» Try it: Two lines mark the range in the entries below: the one holding "Gaziantep\'te 2 bin" and the one holding "3 quarto Apartamento". Set down those two and all lines between them, exactly.

» Provided data:
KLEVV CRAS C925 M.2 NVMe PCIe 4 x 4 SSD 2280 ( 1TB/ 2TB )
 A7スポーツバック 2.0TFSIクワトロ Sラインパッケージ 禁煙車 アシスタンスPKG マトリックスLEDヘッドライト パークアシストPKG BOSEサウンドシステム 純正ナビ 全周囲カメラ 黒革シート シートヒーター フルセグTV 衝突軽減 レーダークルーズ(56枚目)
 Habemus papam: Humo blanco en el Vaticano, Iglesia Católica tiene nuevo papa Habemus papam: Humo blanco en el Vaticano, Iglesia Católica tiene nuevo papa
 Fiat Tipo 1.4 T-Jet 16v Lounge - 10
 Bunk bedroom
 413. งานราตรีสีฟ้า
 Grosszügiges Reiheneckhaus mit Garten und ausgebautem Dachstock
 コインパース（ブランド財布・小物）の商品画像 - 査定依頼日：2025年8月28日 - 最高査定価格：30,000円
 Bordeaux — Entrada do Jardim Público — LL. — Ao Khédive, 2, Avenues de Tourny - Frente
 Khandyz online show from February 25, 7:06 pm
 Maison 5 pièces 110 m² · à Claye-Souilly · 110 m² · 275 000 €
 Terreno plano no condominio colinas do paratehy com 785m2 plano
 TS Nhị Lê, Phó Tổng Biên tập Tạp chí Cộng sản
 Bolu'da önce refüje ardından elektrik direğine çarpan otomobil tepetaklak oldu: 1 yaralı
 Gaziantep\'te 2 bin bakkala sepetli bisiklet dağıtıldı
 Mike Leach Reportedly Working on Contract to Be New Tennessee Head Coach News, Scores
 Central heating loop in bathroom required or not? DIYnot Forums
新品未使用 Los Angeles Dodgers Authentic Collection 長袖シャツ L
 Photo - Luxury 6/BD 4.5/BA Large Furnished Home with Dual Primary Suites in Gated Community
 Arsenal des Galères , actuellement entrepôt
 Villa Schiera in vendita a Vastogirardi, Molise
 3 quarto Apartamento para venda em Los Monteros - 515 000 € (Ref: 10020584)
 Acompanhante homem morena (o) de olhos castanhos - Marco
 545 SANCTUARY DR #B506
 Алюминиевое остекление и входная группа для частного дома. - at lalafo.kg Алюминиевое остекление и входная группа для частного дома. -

» Finished task:
 Gaziantep\'te 2 bin bakkala sepetli bisiklet dağıtıldı
 Mike Leach Reportedly Working on Contract to Be New Tennessee Head Coach News, Scores
 Central heating loop in bathroom required or not? DIYnot Forums
新品未使用 Los Angeles Dodgers Authentic Collection 長袖シャツ L
 Photo - Luxury 6/BD 4.5/BA Large Furnished Home with Dual Primary Suites in Gated Community
 Arsenal des Galères , actuellement entrepôt
 Villa Schiera in vendita a Vastogirardi, Molise
 3 quarto Apartamento para venda em Los Monteros - 515 000 € (Ref: 10020584)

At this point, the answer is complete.